START Data for analysis

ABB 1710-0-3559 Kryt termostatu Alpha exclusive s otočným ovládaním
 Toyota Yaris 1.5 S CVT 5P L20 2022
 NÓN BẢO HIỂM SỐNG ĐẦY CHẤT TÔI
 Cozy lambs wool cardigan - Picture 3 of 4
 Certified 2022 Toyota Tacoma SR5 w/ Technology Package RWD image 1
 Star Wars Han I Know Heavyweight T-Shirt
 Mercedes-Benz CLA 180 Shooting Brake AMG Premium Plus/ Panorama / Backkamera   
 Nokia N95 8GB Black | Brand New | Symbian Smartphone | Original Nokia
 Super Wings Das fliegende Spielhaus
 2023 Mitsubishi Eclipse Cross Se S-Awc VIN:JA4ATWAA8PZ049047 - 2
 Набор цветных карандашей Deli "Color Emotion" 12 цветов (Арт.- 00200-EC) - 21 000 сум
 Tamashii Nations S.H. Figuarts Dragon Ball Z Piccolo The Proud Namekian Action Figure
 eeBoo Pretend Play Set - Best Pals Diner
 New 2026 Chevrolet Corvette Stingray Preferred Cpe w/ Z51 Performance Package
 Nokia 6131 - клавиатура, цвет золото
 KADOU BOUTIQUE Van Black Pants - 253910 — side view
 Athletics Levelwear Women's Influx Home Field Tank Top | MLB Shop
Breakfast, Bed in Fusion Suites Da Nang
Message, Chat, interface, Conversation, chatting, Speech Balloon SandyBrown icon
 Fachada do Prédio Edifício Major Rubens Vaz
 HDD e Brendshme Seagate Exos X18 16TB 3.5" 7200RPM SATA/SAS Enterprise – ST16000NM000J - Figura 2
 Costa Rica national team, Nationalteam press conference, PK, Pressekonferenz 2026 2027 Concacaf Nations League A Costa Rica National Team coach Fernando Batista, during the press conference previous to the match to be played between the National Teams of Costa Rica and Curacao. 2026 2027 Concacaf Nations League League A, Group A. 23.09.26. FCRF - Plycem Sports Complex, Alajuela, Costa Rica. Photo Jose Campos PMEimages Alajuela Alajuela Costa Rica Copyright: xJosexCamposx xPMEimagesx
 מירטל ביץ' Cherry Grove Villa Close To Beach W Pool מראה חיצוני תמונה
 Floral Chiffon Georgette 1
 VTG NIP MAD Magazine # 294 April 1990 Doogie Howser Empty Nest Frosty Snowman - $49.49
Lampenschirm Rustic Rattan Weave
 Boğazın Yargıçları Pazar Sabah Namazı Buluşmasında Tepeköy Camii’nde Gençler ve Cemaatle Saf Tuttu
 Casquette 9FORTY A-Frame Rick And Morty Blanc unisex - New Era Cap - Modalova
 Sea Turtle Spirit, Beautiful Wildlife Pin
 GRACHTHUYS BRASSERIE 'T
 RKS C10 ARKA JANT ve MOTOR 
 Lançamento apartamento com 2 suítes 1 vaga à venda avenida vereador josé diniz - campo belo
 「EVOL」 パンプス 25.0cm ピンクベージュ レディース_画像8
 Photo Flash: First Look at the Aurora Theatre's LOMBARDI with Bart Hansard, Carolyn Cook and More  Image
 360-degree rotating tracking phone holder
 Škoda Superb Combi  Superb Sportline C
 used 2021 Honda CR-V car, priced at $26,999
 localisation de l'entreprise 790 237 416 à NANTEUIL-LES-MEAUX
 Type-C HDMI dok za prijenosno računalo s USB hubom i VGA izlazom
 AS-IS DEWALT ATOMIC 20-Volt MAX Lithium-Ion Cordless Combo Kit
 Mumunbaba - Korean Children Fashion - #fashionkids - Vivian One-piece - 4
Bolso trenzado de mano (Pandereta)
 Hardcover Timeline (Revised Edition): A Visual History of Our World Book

END Data for analysis

• _What to produce_
Write out every line of the material again, exactly as it reads.

• _Answer to the problem_
ABB 1710-0-3559 Kryt termostatu Alpha exclusive s otočným ovládaním
 Toyota Yaris 1.5 S CVT 5P L20 2022
 NÓN BẢO HIỂM SỐNG ĐẦY CHẤT TÔI
 Cozy lambs wool cardigan - Picture 3 of 4
 Certified 2022 Toyota Tacoma SR5 w/ Technology Package RWD image 1
 Star Wars Han I Know Heavyweight T-Shirt
 Mercedes-Benz CLA 180 Shooting Brake AMG Premium Plus/ Panorama / Backkamera   
 Nokia N95 8GB Black | Brand New | Symbian Smartphone | Original Nokia
 Super Wings Das fliegende Spielhaus
 2023 Mitsubishi Eclipse Cross Se S-Awc VIN:JA4ATWAA8PZ049047 - 2
 Набор цветных карандашей Deli "Color Emotion" 12 цветов (Арт.- 00200-EC) - 21 000 сум
 Tamashii Nations S.H. Figuarts Dragon Ball Z Piccolo The Proud Namekian Action Figure
 eeBoo Pretend Play Set - Best Pals Diner
 New 2026 Chevrolet Corvette Stingray Preferred Cpe w/ Z51 Performance Package
 Nokia 6131 - клавиатура, цвет золото
 KADOU BOUTIQUE Van Black Pants - 253910 — side view
 Athletics Levelwear Women's Influx Home Field Tank Top | MLB Shop
Breakfast, Bed in Fusion Suites Da Nang
Message, Chat, interface, Conversation, chatting, Speech Balloon SandyBrown icon
 Fachada do Prédio Edifício Major Rubens Vaz
 HDD e Brendshme Seagate Exos X18 16TB 3.5" 7200RPM SATA/SAS Enterprise – ST16000NM000J - Figura 2
 Costa Rica national team, Nationalteam press conference, PK, Pressekonferenz 2026 2027 Concacaf Nations League A Costa Rica National Team coach Fernando Batista, during the press conference previous to the match to be played between the National Teams of Costa Rica and Curacao. 2026 2027 Concacaf Nations League League A, Group A. 23.09.26. FCRF - Plycem Sports Complex, Alajuela, Costa Rica. Photo Jose Campos PMEimages Alajuela Alajuela Costa Rica Copyright: xJosexCamposx xPMEimagesx
 מירטל ביץ' Cherry Grove Villa Close To Beach W Pool מראה חיצוני תמונה
 Floral Chiffon Georgette 1
 VTG NIP MAD Magazine # 294 April 1990 Doogie Howser Empty Nest Frosty Snowman - $49.49
Lampenschirm Rustic Rattan Weave
 Boğazın Yargıçları Pazar Sabah Namazı Buluşmasında Tepeköy Camii’nde Gençler ve Cemaatle Saf Tuttu
 Casquette 9FORTY A-Frame Rick And Morty Blanc unisex - New Era Cap - Modalova
 Sea Turtle Spirit, Beautiful Wildlife Pin
 GRACHTHUYS BRASSERIE 'T
 RKS C10 ARKA JANT ve MOTOR 
 Lançamento apartamento com 2 suítes 1 vaga à venda avenida vereador josé diniz - campo belo
 「EVOL」 パンプス 25.0cm ピンクベージュ レディース_画像8
 Photo Flash: First Look at the Aurora Theatre's LOMBARDI with Bart Hansard, Carolyn Cook and More  Image
 360-degree rotating tracking phone holder
 Škoda Superb Combi  Superb Sportline C
 used 2021 Honda CR-V car, priced at $26,999
 localisation de l'entreprise 790 237 416 à NANTEUIL-LES-MEAUX
 Type-C HDMI dok za prijenosno računalo s USB hubom i VGA izlazom
 AS-IS DEWALT ATOMIC 20-Volt MAX Lithium-Ion Cordless Combo Kit
 Mumunbaba - Korean Children Fashion - #fashionkids - Vivian One-piece - 4
Bolso trenzado de mano (Pandereta)
 Hardcover Timeline (Revised Edition): A Visual History of Our World Book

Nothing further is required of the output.